(RECORDS FOR THIS EXERCISE Opens)
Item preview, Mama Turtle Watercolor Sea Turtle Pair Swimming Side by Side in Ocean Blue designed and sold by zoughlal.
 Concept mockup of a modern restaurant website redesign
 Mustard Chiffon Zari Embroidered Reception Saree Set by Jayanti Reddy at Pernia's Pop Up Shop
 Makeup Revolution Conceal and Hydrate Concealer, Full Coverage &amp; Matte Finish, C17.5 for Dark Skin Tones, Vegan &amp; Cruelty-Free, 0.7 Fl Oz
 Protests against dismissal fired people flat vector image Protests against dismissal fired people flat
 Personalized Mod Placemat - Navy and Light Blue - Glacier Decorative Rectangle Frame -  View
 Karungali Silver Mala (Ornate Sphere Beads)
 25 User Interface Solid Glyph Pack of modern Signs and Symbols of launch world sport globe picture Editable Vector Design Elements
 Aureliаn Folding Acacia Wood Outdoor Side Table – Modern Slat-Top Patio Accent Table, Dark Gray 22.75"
(RECORDS FOR THIS EXERCISE Closes)
▸ **WHAT IS REQUIRED**
Scan the material above for lines holding "Blue" and copy each of them.

▸ **FINISHED TASK**
Item preview, Mama Turtle Watercolor Sea Turtle Pair Swimming Side by Side in Ocean Blue designed and sold by zoughlal.
 Personalized Mod Placemat - Navy and Light Blue - Glacier Decorative Rectangle Frame -  View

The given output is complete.